Star Trek: New Voyages is an amateur Star Trek series not dissimilar from Starship Exeter. New Voyages‘ primary refinement is that the shows are set on board the Enterprise of the original series as opposed to a contemporary ship of the same class, as is the case with Exeter. New Voyages also employs the same characters: Kirk, Spock, McCoy, and so forth have simply been recast, and as the script makes clear, the events seen in New Voyages are intended to take place ‘in canon,’ if you will.
New Voyages looks like it has a larger operating budget than Exeter, and I thought the first episode, “What May Come,” (described as a pilot on the website) seems to employ some more experienced actors than those in the Johnsons’ labor of love.
It was a bit tough to download the episode, also. I ended up getting it from here. The site doesn’t explain the format, but the zip files are crisp-looking 240×320 (I think) .wmvs, playable on the Mac with the excellent MPlayer OS X. Alas, there’s no easy way to got from .wmv to DVD on the Mac, so you may be stuck watching the show on your monitor rather than on the tube.
I have written before about how this emerging genre fascinates me. New Voyages is particularly intriguing because of the close ties to the original show – two actors that appeared on the original series do guest shots, and a Trek fan muckety-muck who sold a story to Voyager also appears.
Overall good points include persuasive costuming, a variety of room sets including what appear to be complete bridge and transporter room sets, and some really good looking effects shots, all scrupulously employing designs drawn from the mid-seventies Starfleet Technical Manual.
New Voyages FAQ notes that producer James Cawley is a Trekanalia collector, and that the production shot in New York, facts that lead me to conclude that Cawley is the collector who purchased the DS9-built recreation of the TOS bridge set built for use on the DS9 time travel episode that placed Sisko and crew aboard the Enterprise during the events seen in TOS episode “The Trouble with Tribbles.”

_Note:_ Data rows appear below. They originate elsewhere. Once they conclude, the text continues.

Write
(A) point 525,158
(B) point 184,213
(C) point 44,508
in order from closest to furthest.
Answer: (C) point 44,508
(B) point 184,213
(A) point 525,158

Jimm and Josh Johnson of Exeter have told me they met with this collector in upstate New York to explore continuing their series on his sets but did not pursue the opportunity because it was geographically inconvenient for their cast and crew.
New Voyages FAQ also notes that Sulu doen not appear in the recast crew, ‘for good reason,’ which leads me to speculate that George Takei may appear in an upcoming episde, given his awareness of and involvement with the fan push to get Paramount to make Excelsior the next Trek to follow Voyager.
Naturally, there are some quibbles. The effects shots mix the textural look of the series’ movie effects with the cleaner surfaces of the original television series, which looks odd. The audio of all the interior shots is roomy; that is, there’s a clear acoustic reverb which comes from iimproper miking. The editing and pacing are – with the exception of the effects sequences – overly loose, leaving the whole production with a disctinct amateur feel; this is also a problem in the careless, busy use of soundtrack music as well. This overall slightly undisciplined sense is most obvious when the director violates TOS editing conventions in several places. This disrupts the desired effect of creating the illusion that one is watching a forgotten production from the time and place of the original series.
I am driven to comment on the visual failure of “Kirk’s” hair. It’s not even close to Shatner’s Kirk ‘do. Instead it looks like Elvis’ hair, long, square sideburns and all. Since the odd ‘Vanilla Ice’ image of the actor on the main page for the production clearly shows pointy sideburns, I assume that the square burns must be a reference to the square burns worn by Bill in the original series pilot “Whom Gods Destroy.”
In conclusion, I didn’t get the same giddy charge from seeing this as I did from seeing Exeter, but by the same token I saw nothing to indicate that the production couldn’t be tightened up. Given that both series are continuing production, I can imagine a very interesting set of scenarios between the two groups, from competition to cross-over. I also have a hard time imagining that Paramount is going to ignore or encourage this, as much as I believe it’s what they should do. On the other hand, the Paramount logo appears on the website, so maybe I’m mistaken.
Imagine if they took the budget for one episode of the current series, and distributed it to ten amateur efforts in the form of grants as a kind of farm system. In one fell swoop they’d get distribution rights to the fan material, reconnect with the fan base, and establish a modern, post-digital era production and distribution cycle to learn from and draw on. I’m not holding my breath.
Of course, this sort of thing always leads me to wonder where the fan series production of Space: 1999 might be.